An inflated balloon, filled with a gas of temperature T, is held in a room with the same temperature.  If we make a small hole on the side of the balloon and let the gas escape, which statement is true about the temperature T’ of the gas right after leaving the balloon?
The correct answer according to the solutions is "T′> T". However, I cannot imagine why this would be the case.
By all reasoning, this is an adiabatic expansion. That means $PV^\gamma$ is conserved.

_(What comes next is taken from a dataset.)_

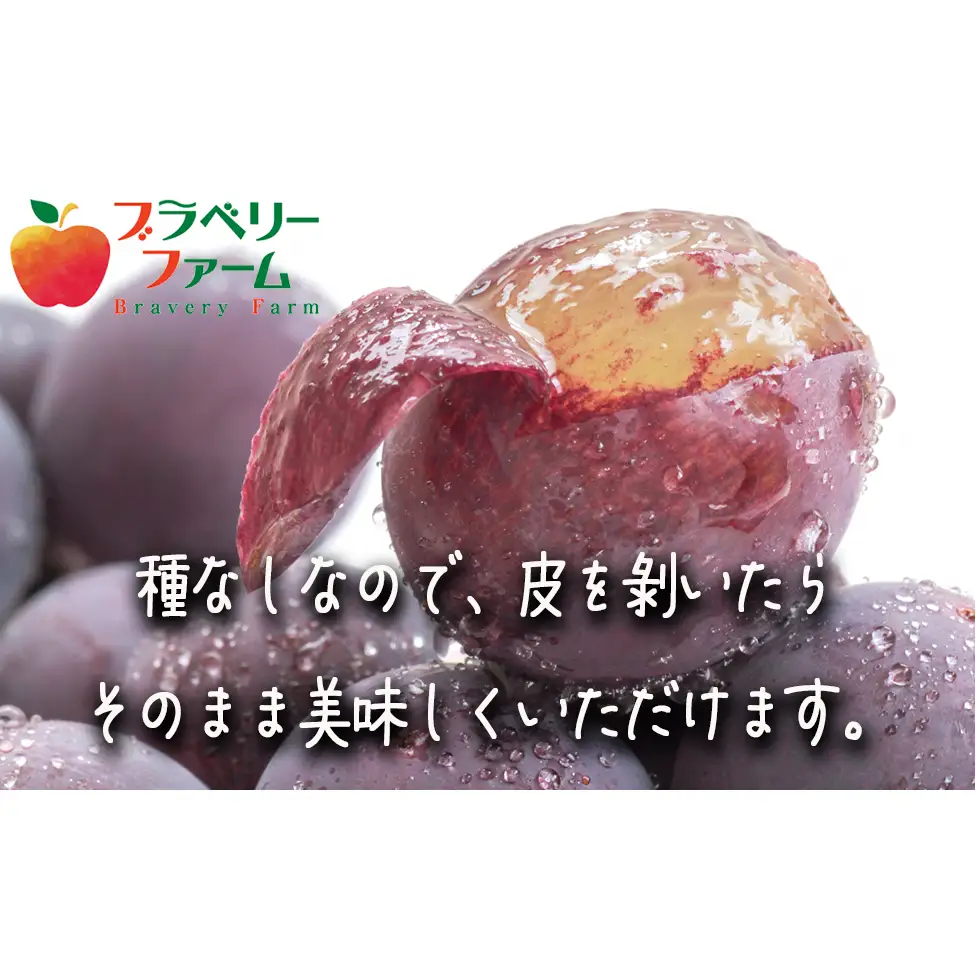 ぶどう 種なし巨峰 約2kg ( 3 ～ 5 房 ) 有限会社ブラベリーファーム 配送先は本州限定 2026年9月下旬頃から2026年11月上旬頃まで順次発送予定 令和8年度収穫分 長野県 飯綱町 [2043]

Since $\gamma$ is bigger than $1$, this means that $PV$ should decrease when $P$ decreases, and thus temperature should decrease.
As another reasoning, the gas inside is doing work by expanding outwards, and thus the energy would decrease.
 A: You are correct in saying that the gas remaining at any time within the balloon has experienced an adiabatic reversible expansion, so its temperature is cooler than initially.  But, the problem does not appear to be asking you to compare the temperature of the gas exiting the hole at any time with the temperature at time zero.  It seems to be asking you to compare the temperature of the gas exiting the hole at time t with the temperature of the gas remaining within the balloon at time t.  
The gas passing through the hole at time t is experiencing a change in pressure at constant enthalpy per unit mass.  This is the so-called Joule Thomson effect, and the change in the gas temperature is determined by the Joule-Thomson coefficient:  the partial derivative of temperature with respect to pressure at constant enthalpy.  For an ideal gas, this is zero, but, for most real gases at room temperature and approximately atmospheric pressure, the Joule-Thomson coefficient is positive.  In my judgment, this is what the problem statement was driving at.  In any event, it was a pretty ambiguous (crappy) statement, since, for a handful of gases under these conditions (e.g., He and H2), the JT coefficient is negative.